| Supplied material |
══════════════════════════════

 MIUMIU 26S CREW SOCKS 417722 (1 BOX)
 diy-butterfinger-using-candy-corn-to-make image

══════════════════════════════

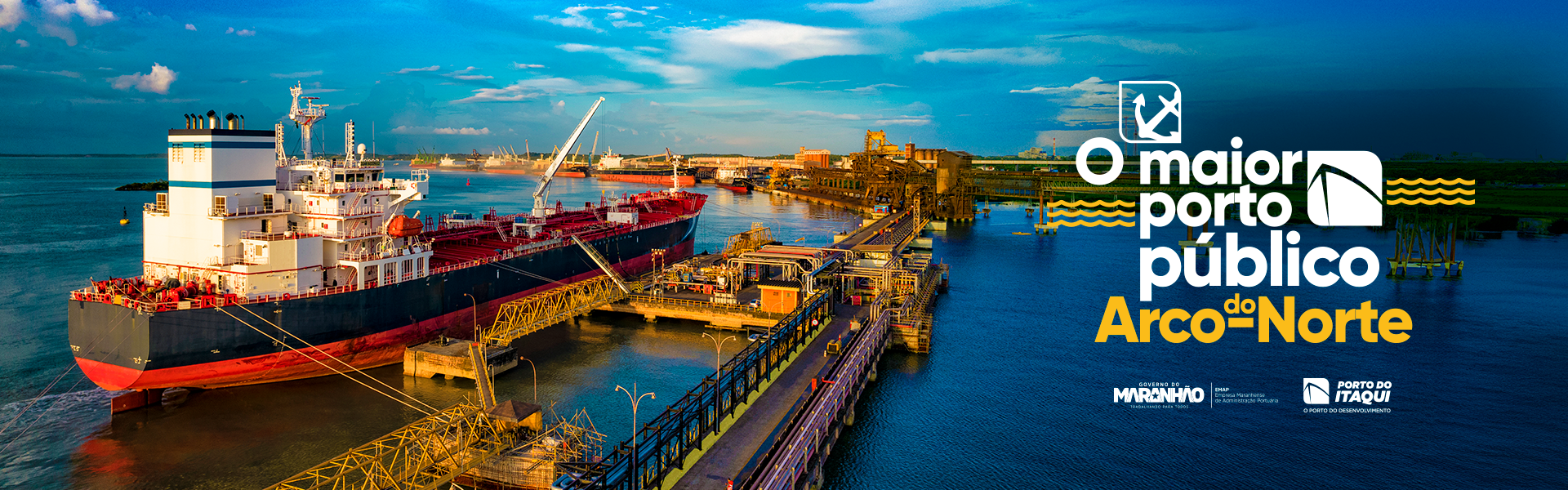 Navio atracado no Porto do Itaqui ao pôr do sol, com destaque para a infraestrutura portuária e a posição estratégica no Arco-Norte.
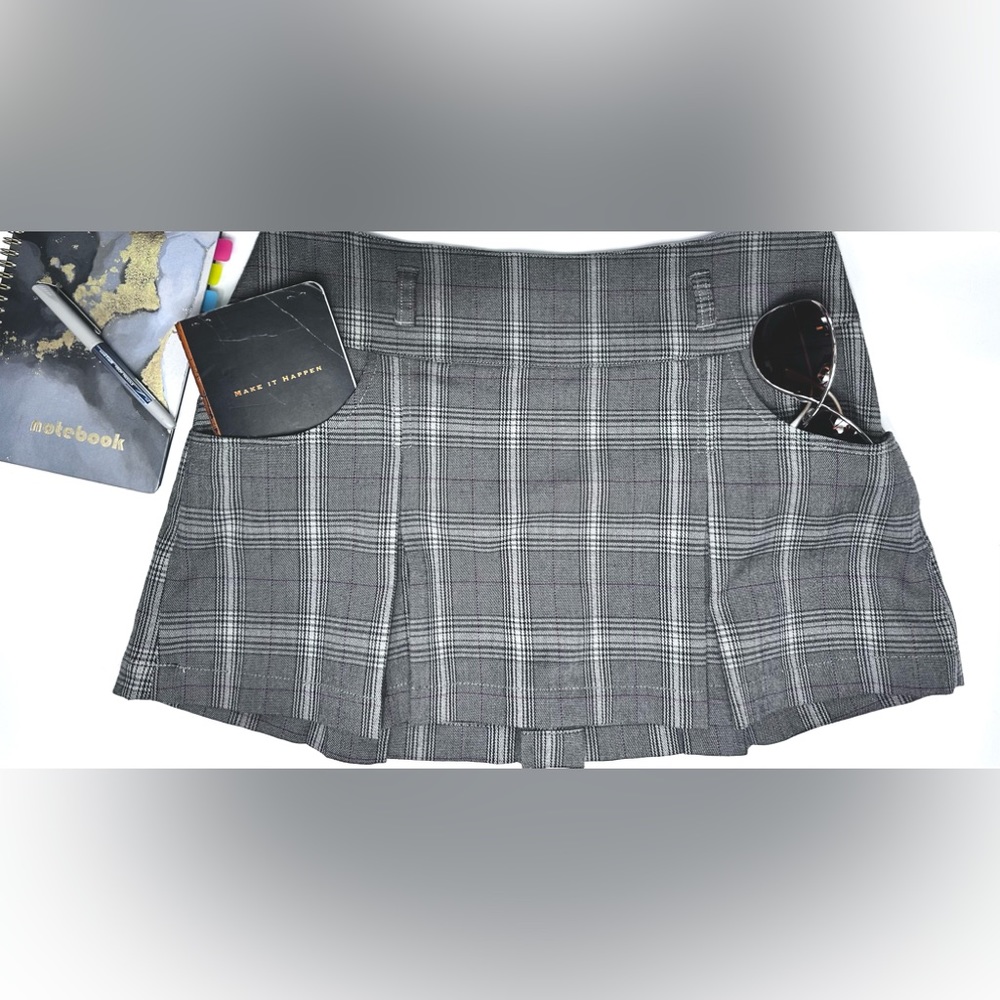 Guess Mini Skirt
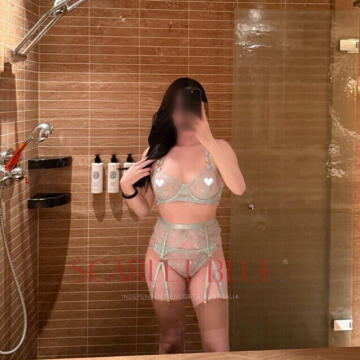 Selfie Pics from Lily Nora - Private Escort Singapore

══════════════════════════════

| Your instructions |
In the material above, the stretch from the line with "Guess Mini Skirt" through the line with "Selfie Pics from" is to be given again exactly, minus the pictures.

| Result of this task |
 Guess Mini Skirt
 Selfie Pics from Lily Nora - Private Escort Singapore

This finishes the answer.